Concretamente, en sede de derecho a la libertad de empresa, la doctrina del Tribunal Constitucional estableció el contenido esencial como «el de iniciar y sostener en libertad la actividad empresarial. De esta manera, si la Constitución garantiza el inicio y mantenimiento de la actividad empresarial en libertad, ello entraña en el marco de una economía de mercado, donde este derecho opera como garantía institucional, el reconocimiento a los particulares de una libertad de decisión no sólo para crear empresas y, por tanto, para actuar en el mercado, sino también para establecer los propios objetivos de la empresa y dirigir y planificar su actividad en atención a sus recursos y a las condiciones del propio mercado. Actividad empresarial que, por fundamentarse en una libertad constitucionalmente garantizada, ha de ejercerse en condiciones de igualdad pero también, de otra parte con plena sujeción a la normativa sobre ordenación del mercado y de la actividad económica general» (Sentencia del Tribunal Constitucional n º 84, de 8 de Marzo de 1993).

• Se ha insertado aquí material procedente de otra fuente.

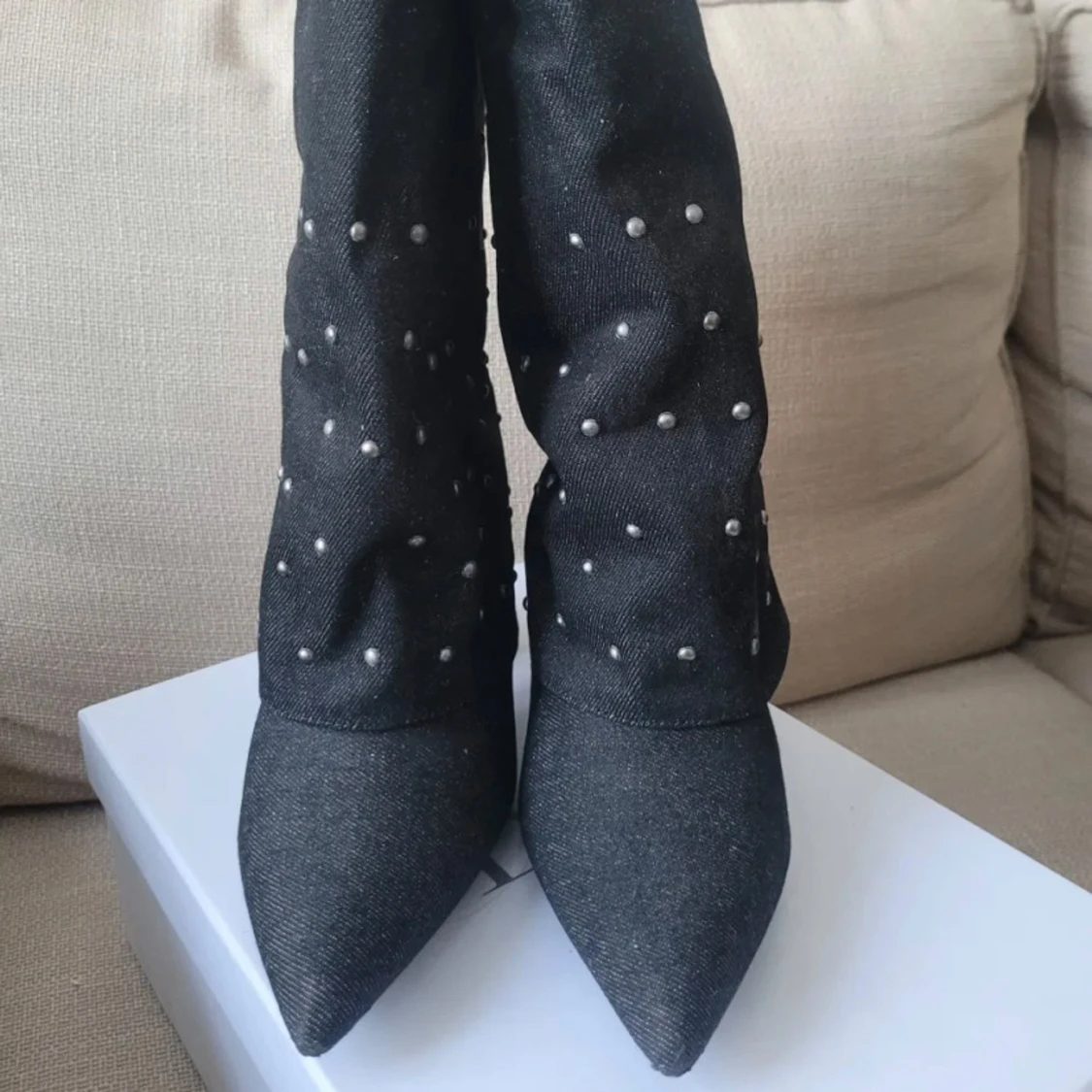 Svarta boots med nitar  - 2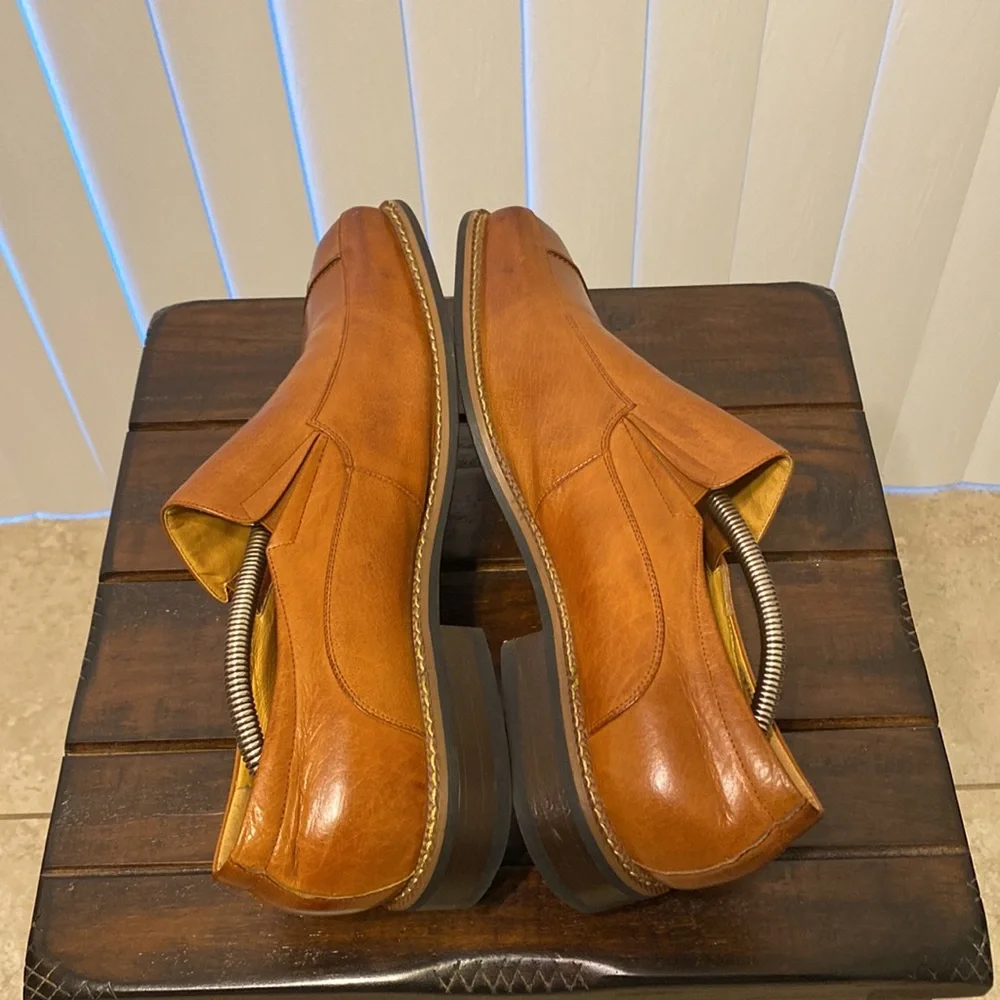 Mens brown leather loafers with shoe stretcher included - Picture 8 of 11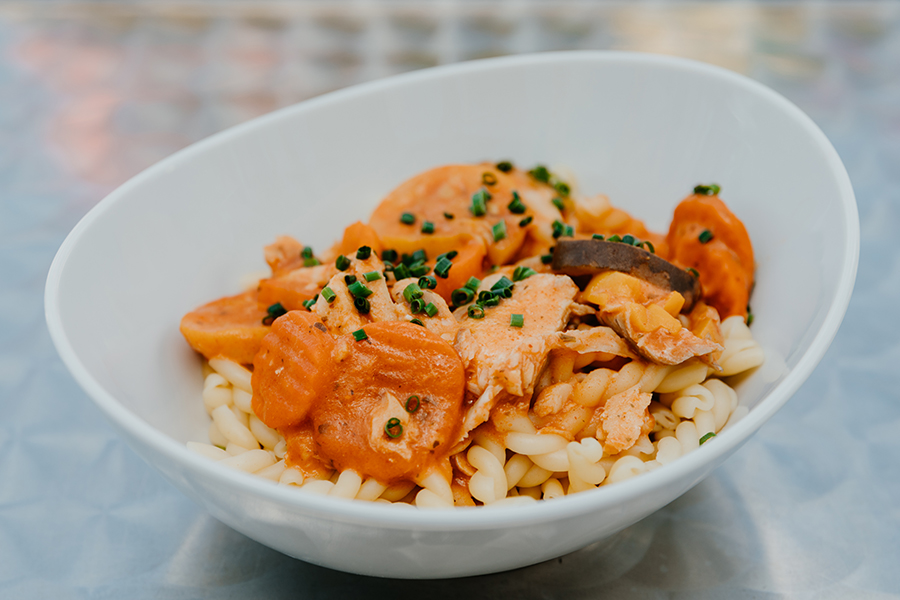 Noodles with salmon in the cafeteria of the Medical Faculty (c) Hannah Theile Uni Magdeburg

Es decir, el derecho a la libertad de empresa presupone tres libertades distintas, que describimos someramente:

  1. Libertad de acceso al mercado: implicando que cualquier agente económico (sea público o privado) puede en condiciones de igualdad iniciar cualquier tipo de actividad económica legalmente permitida, proyectándose sobre cualquier sector de la economía (a salvo de los reservados al Estado ex art. 128.2 CE).
  2. Libertad de permanencia en el mercado: el empresario tendrá plena libertad para proceder a la organización interna y externa de su empresa, así como al modo de realización de su actividad económica (si bien, respetando en cualquier caso la ordenación jurídica existente al respecto que pude conllevar la consiguiente facultad de vigilancia administrativa permanente sobre la actividad (v.g. las autorizaciones operativas a Casinos).
  3. Libertad de cesación o de salida del mercado: supone el lógico derecho del empresario a dejar de desarrollar en cualquier momento la actividad empresarial llevada a cabo.

Desde el punto de vista de la visión estática o individual del derecho, la libertad de empresa se conjuga (como se ha dicho) como un derecho que goza de dos garantías: la existencia de un contenido mínimo esencial, y la reserva de ley para cualquier regulación ordenadora o limitativa de la misma.

Ahora bien, como es perfectamente comprensible, la libertad de empresa, como derecho constitucional subjetivo que es, en ningún momento tiene carácter ilimitado. Efectivamente, citando a SORIANO GARCÍA al respecto, «como sucede con todos los derechos, inclusive los fundamentales, la libertad de empresa tiene límites«.

Para encontrar los límites a dicho derecho no es necesario irse muy lejos, ya que, tanto el Preámbulo de la Constitución, como (entre otros) el propio artículo 38, delimitan las medidas que restringen este derecho patrimonial. Es en este punto cuando cobra sentido la otra interpretación que se hace jurisprudencial y doctrinalmente del derecho a la libertad de empresa, basada en su carácter dinámico u objetivo (perspectiva institucional), como consecuencia directa del concreto marco constitucional que ampara el derecho: la Libertad de Empresa dentro de la Economía de Mercado, y la subordinación de ésta a la Satisfacción de los Intereses Generales, como consecuencia de la cláusula del Estado Social, implantada por nuestra Constitución en 19789.

Es decir, al protegerse y garantizarse constitucionalmente la libertad de empresa en una economía de mercado, para que dicho derecho material tenga sentido funcional, es necesario que dicha libertad de empresa pueda ser ejercitada en condiciones tales que garanticen su efectividad, y entendiéndose por efectivas todas las medidas que posibiliten que todos y cada uno de los agentes económicos puedan llevar a cabo las actividades empresariales (se entiende las no prohibidas por Ley) en régimen de igualdad protegiendo al consumidor y al propio mercado.